Practice doesn’t make perfect

Practice doesn’t make perfect, it only entrenches bad habits.

Amateurs practice until they get it right. Professionals practice until they can’t get it wrong.

The deeper you go, the more mastery required.

Some perspective and humility 🌙 🌎 💫

Our moon’s orbital speed around Earth is 2,290 mph.

At the equator, the Earth spins at about 1,000 mph.

Our Earth’s orbital speed around the sun is 66,000 mph.

Our Sun’s orbital speed around our galaxy, the Milky Way, is 450,000 mph

Our Galaxy is moving towards the constellation of Hydra at
1,340,000 mph

It takes our galaxy about 250 million Earth years to
rotate once.

I’d memorize these stats. It’s a good dose of humility.

 

The hardest point to win is the last one

The most critical point in tennis is the last one. It’s a lot easier to win a point against a world champion when it’s two games all in the first set.

It’s a different kind of pressure when you are serving for the match in the third or fifth set. All games are not equal.

Champions close.

A failsafe skill test

My father once asked Jaroslav Houba, former National Coach of Czechoslovakia what he thought of a particular tennis player. His response was “show me him when he’s down.”

True grit can only be seen when the pressure is on, and someone has something to lose.

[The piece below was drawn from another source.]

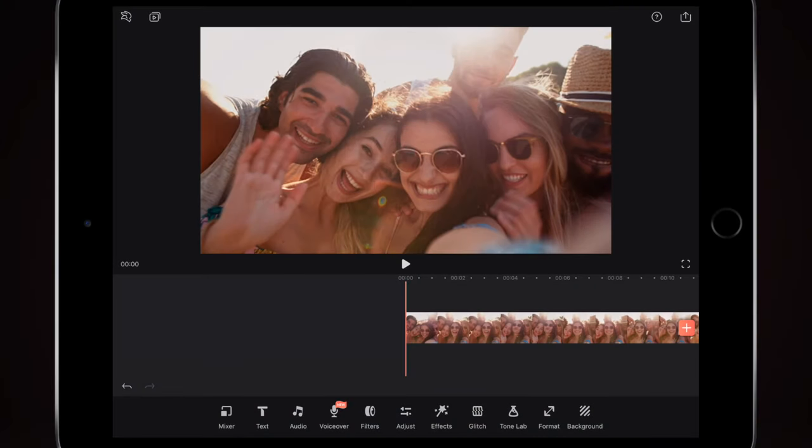Hey, how you all doing? Welcome to this nLight video leak tutorial. I'm going to show you how to add a lens flare — it's one of the new effects in nLight — and I'll show you how to keyframe the lens flare as well, so you can move it around the screen.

The harder they play, the better she gets

Tennis is an individual sport, but Serena’s answer on why she continues to hit new levels of excellence, or “levels unknown” made me think about high performing teams.

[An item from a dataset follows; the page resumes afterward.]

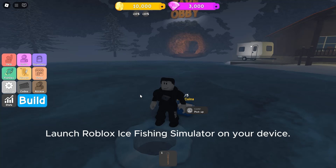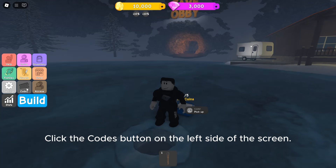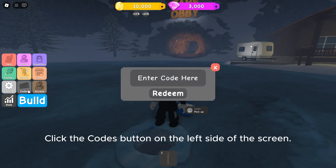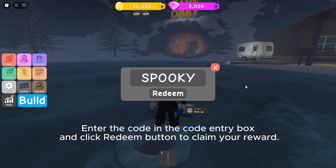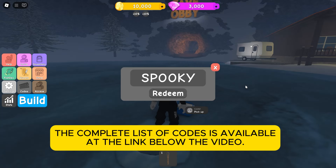Launch Roblox Ice Fishing Simulator on your device. Click the codes button on the left side of the screen. Enter the code in the code entry box and click the redeem button to claim your reward. The complete list of codes is available at the link below the video.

When you raise the game of your weaker players, then your strongest players need to play better to stay on top.

Everyone wins. The greatest players are pushed to new levels of excellence and the junior players slipstream and learn from the best.

A team with one strong performer, but with weak teammates won’t go the distance. In the short term the star will carry the day, but sooner or later she’ll have an off day and the support won’t be there.

It’s the same with sport as it is with a healthy growing country. The core matters. The brilliant rise to new levels, but only if they are pushed by a strong core.

Be ready

“Today is a good day to die.” This saying is not about giving up or surrendering to everyday life.

It means you’ve had a life well lived. No regrets, no “what ifs” or “why didn’t I”

It means you’ve stepped into the arena and played the game.

It means you can look back and “I’m ready when you are. Let’s roll.”

Make every day is a good day to die.

Take a wander

The English word planet comes from the Greek word Plan.

Stars appear to have fixed positions when compared to other stars, but there are other lights in the night sky that change their positions in relation to the stars and to each other. They move among the stars. The Greek name for these moving lights was plan which means “wanderer.”

We now know that the planets “wander” across the sky because they revolve around the sun.

Chew on that next time you step out for a walk.

Cracking the code

In the 1790’s people thought that yellow fever and malaria were caused by humidity and summer heat. It took another one hundred years for humans to figure out that mosquitoes were the carriers and the cause of this sometimes fatal infection. Imagine what we’ll figure out one hundred years from now.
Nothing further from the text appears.